Ray payload vs payload buffer

Hi all,
My system info:
OptiX Version:[6.1.2] Branch:[r421_00] Build Number:[26511982] ABI Version:[19] CUDA Version:[cuda100] 64-bit. Display driver: 430.26. Ubuntu 18.04.1. gcc 7.4.0. Cuda 10.0. 2x RTX 2080 Ti

I have been checking the recommendations in the GTC talk: https://developer.download.nvidia.com/video/gputechconf/gtc/2019/presentation/s9768-new-features-in-optix-6.pdf

It suggests to minimize payload size. I am simulating electromagnetic propagation, so I use relatively large payloads (around 100 bytes) that may get larger in the future. I do not use recursive tracing, just iterative tracing, so I was wondering whether I get some benefit by replacing the ray payload with a dummy small payload and use a buffer for storing and updating the real payloads on closest hits.

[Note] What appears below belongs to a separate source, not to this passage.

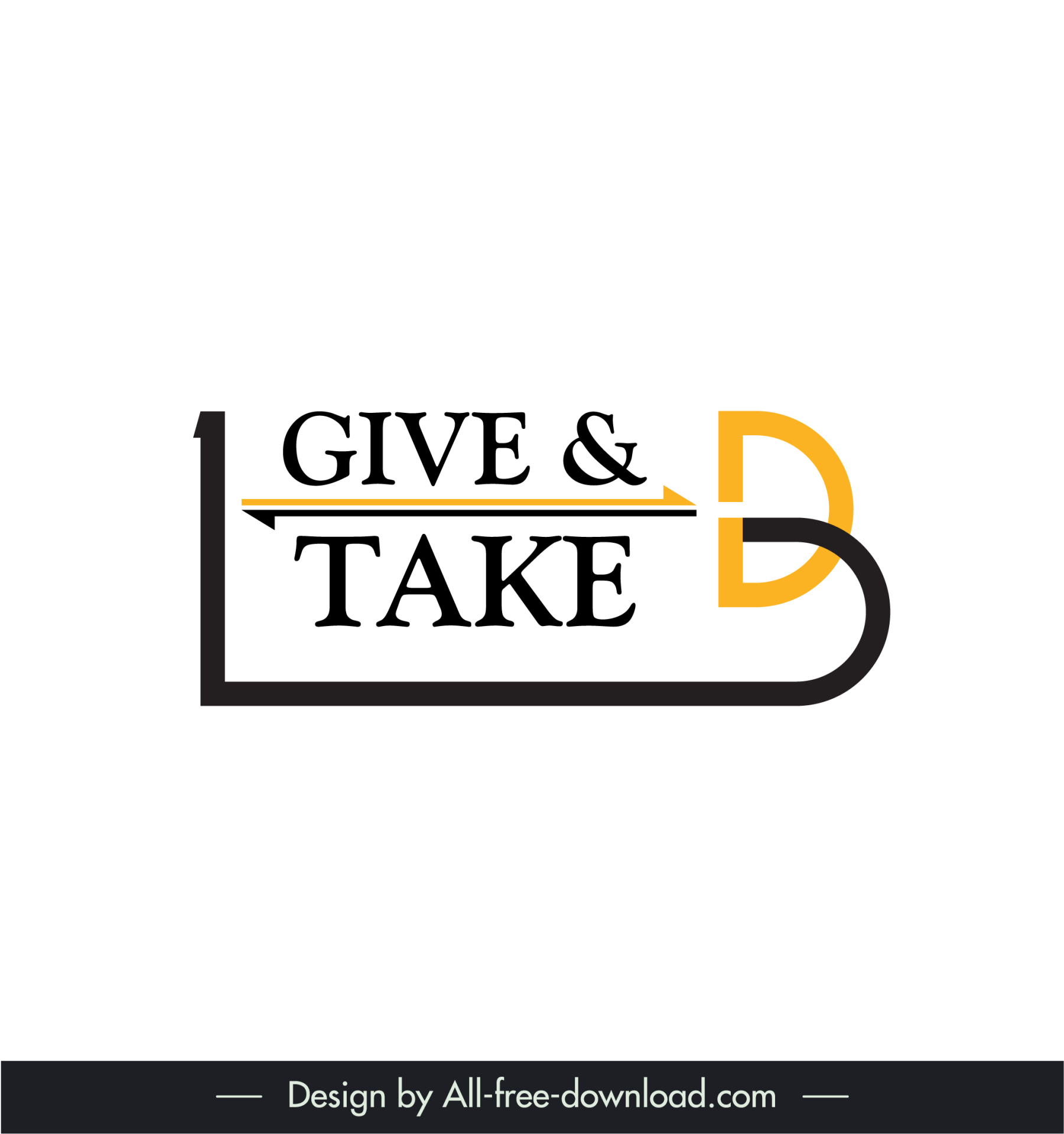 give take bd logo template elegant modern texts curve arrow sketch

I have tested it, tracing around 6.5 million rays per launch on a small scene (a few small meshes) and I do not get any conclusive results regarding performance, just a slight decrease.

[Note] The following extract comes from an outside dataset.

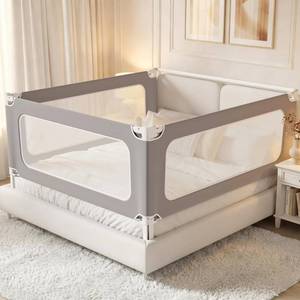 lot 1199 image: MagicFox 3 Piece King Size Bed Rail for Toddlers, Upgraded Height Adjustable Baby Bed Rail Guard, Thickened Child Safety Bed Rails for King Size Beds (78.7x78.7x74.8 Gray) - Retail $180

So this is the question, is it advisable to replace large ray payloads with buffers in some cases?

I wouldn’t call 100 bytes a big payload, but you can always minimize the rtPayload variable size to a single 64-bit pointer by defining your payload as a local struct inside the ray generation program and use the pointer to that structure as your only rtPayload variable member.
That incurs an indirection, but it’s the smallest you can get for arbitrary payload sizes.

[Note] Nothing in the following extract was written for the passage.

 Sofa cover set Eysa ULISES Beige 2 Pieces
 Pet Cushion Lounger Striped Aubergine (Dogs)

Make sure to put all structure members onto their native alignment locations to avoid illegal access errors or at least to minimize padding added by the compiler.
I normally order them by alignment size, for example from top to bottom: type (alignment in bytes):
float4 (16) > float2, pointers (8) > float3,float, (4) > short (2) > char (1).
Similarly insert the other data types. See Table 3. Alignment Requirements here:
[url]https://docs.nvidia.com/cuda/cuda-c-programming-guide/index.html#vector-types__alignment-requirements-in-device-code[/url]

I would not use buffers for that, that would require input_output buffers and you would need to code explicitly for multi-GPU configurations to avoid going over the PCI-E bus to pinned memory for each access, and the amount of required memory is also going to be huge depending on the launch size.